EXERCISE GOAL:
Of the material below, only the lines from the line containing "Tsunami from Heaven" down to the line containing "[5539 5534] Set" belong in the answer, written out exactly.

EXTRACTED RECORDS:
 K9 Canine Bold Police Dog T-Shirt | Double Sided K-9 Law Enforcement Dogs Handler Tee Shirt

* * *

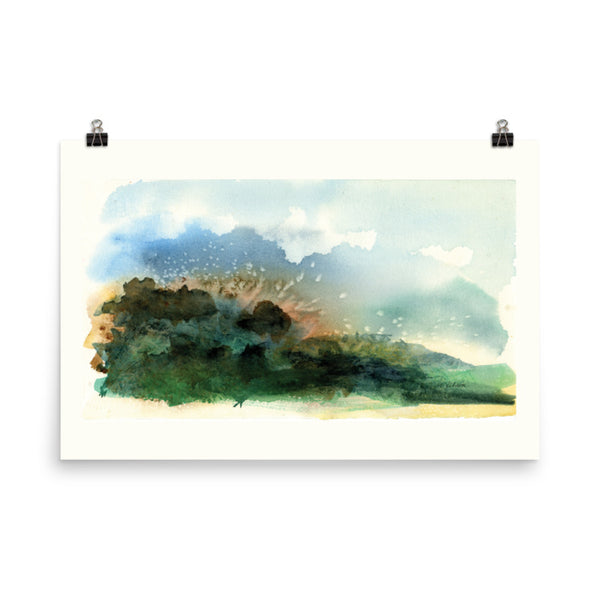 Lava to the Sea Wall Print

--

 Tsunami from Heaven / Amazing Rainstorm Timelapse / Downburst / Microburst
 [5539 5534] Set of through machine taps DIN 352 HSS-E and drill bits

EXERCISE ANSWER:
 Tsunami from Heaven / Amazing Rainstorm Timelapse / Downburst / Microburst
 [5539 5534] Set of through machine taps DIN 352 HSS-E and drill bits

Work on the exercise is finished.